What are biochemical hallmarks?

Answer 33

Biochemical hallmarks relate to cellular changes in metabolism or biochemistry, which over time may contribute to cell damage and dysfunction, leading to aging.

Question 34

What are the biochemical hallmarks?

Answer 34

• Impaired mitochondrial function
• Impaired proteostasis
• Impaired nutrient sensing

Question 35

What is impaired mitochondrial function?

Answer 35

• Aging is associated with reduced efficiency of the respiratory chain, resulting in decreased energy availability for cellular processes.
• Age-related mitochondrial dysfunction leads to increased production of reactive oxygen species (ROS), which can damage cellular macromolecules.
• Accumulation of mutations in mitochondrial DNA (mtDNA) may impair bioenergetics, further decreasing cellular processes and contributing to aging.
• With age, mitochondria may become permeabilized (“leaky”), triggering apoptosis (cell death) and inflammation.

Question 36

How is impaired proteostasis linked to aging?

Answer 36

• Proteostasis controls the normal folding and maintenance of proteins in their folded state through chaperone (heat shock protein) activity).
• Normally, unfolded proteins are targeted for autophagy, or breakdown by the proteosome.
• However, persistence of unfolded proteins leads to their aggregation, disrupting normal cell function, a situation associated with numerous age-related disorders (e.g.

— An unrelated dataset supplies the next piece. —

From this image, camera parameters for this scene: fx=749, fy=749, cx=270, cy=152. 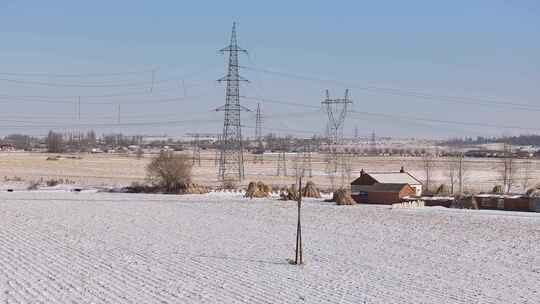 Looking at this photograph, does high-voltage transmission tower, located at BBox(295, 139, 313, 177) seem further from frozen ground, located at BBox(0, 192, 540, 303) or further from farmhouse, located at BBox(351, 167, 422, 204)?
frozen ground, located at BBox(0, 192, 540, 303)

Alzheimers, Parkinsons).

Question 37

How is impaired nutrient sensing related to aging?

Answer 37

Mutations that impair the function of the activity of the Growth Hormone (GH) – Insulin-Like Growth Factor I (IGFI) pathway are associated with increased lifespan and healthy aging in model organisms, although very low levels of GH-IGFI signalling are incompatible with life. In parallel, dietary restriction has been shown to extend lifespan in model organisms, through the AMPK pathway.

Question 38

What is the information theory of aging?

Answer 38

New theory that suggests that acquisition of epimutations (harmful epigenetic changes) over the life-course leads to aging through loss of ‘youthful epigenetic information’.

Question 39

Why is identifying the hallmarks of aging useful?

Answer 39

Identifying the hallmarks of aging provides targets for anti-aging research. If the hallmarks of aging are causative, then developing therapeutics that target one or multiple hallmarks may help slow the aging process/increase longevity.